# how big and will she have good muscle tone?



## pit_lover04 (Jun 20, 2014)

I have a very curious question i have my first pitbull ever she is 8 weeks old I've done all types of research on pits and i just love the breed. But i would like to know if my pit will get big or will she have good muscle tone. The mom was full American pitbull terrier and the dad was american bully. Does anyone have a idea of how big she will be or if she will have good muscle tone. The picture of her is in the link below.

https://plus.google.com/app/basic/p...ath=/app/basic/stream&sparm=source%3Dapppromo


----------



## ::::COACH:::: (Apr 4, 2012)

Well American bullies are thick muscular dogs and American Pit bull terriers are lean muscular dogs....so if this puppy is TRUELY (as in both parents had legit papers proving they are that breed) a mix of these two breeds then she could take after either of the parents or a mix of both...or even look like the grandparents....

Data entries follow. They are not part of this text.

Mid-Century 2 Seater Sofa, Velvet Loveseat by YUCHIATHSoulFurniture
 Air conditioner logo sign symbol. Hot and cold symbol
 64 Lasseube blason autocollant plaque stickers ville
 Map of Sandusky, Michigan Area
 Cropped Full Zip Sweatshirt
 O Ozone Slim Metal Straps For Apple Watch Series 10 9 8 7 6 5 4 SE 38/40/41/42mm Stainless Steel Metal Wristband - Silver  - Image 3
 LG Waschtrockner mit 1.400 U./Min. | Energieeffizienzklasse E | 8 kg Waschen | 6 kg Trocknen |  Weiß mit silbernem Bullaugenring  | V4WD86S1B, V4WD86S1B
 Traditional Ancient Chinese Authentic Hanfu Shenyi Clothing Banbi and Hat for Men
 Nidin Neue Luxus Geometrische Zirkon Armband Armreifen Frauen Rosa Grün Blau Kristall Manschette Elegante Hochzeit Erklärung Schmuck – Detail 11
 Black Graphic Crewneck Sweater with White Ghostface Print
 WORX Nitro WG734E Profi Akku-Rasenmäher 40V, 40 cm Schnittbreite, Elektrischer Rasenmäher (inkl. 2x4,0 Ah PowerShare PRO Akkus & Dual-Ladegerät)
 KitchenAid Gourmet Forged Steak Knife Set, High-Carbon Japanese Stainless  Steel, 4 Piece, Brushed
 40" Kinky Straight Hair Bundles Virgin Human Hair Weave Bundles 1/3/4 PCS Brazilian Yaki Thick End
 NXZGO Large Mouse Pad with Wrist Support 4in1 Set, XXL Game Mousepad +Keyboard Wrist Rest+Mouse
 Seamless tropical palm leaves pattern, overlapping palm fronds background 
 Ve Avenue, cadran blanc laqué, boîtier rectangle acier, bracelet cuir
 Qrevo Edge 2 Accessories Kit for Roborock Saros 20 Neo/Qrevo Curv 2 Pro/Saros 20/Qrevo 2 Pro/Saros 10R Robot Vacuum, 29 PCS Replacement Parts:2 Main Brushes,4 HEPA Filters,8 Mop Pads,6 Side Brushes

If you want a dog with nice definition, you have to exercise them PROPERLY. And no, puppies do not need to be heavily exercising. Wait till the pup is an adult. But for now, once she hits 4 months or so you can do a little flirt pole here and there and take her for walks. Nothing extreme or you will injure the pup.


----------



## Carla Restivo (Feb 17, 2014)

As a breed, APBTs generally have good muscle tone, and it doesn't take a bunch of supplements and "conditioning programs" to get it to come out.

I find that a lot of people that ask this question are wanting their 
APBT to have big, beefy, bunchy, overdone musculature. The APBT shouldn't be that way. Overdone muscles have a hard time getting rid of heat and reduce agility and stamina -- both hallmarks of the APBT. 

An APBT should be "dry" -- have nice tight skin everywhere, few wrinkles anywhere, tight, dry lips and very medium, "flatter" type muscles -- all the better to be the ultimate athlete that is fast, agile, strong and of great stamina -- all in the same dog. 

BALANCE is the name of the game in the APBT (AND AST). When looking at a good APBT, no one feature should stand out, but all should blend and balance.

Your pup is very cute; and from what I can see, is not sloppy or of heavy bone -- all good signs at this age.


----------



## pit_lover04 (Jun 20, 2014)

Thanks coach and carla for the information


----------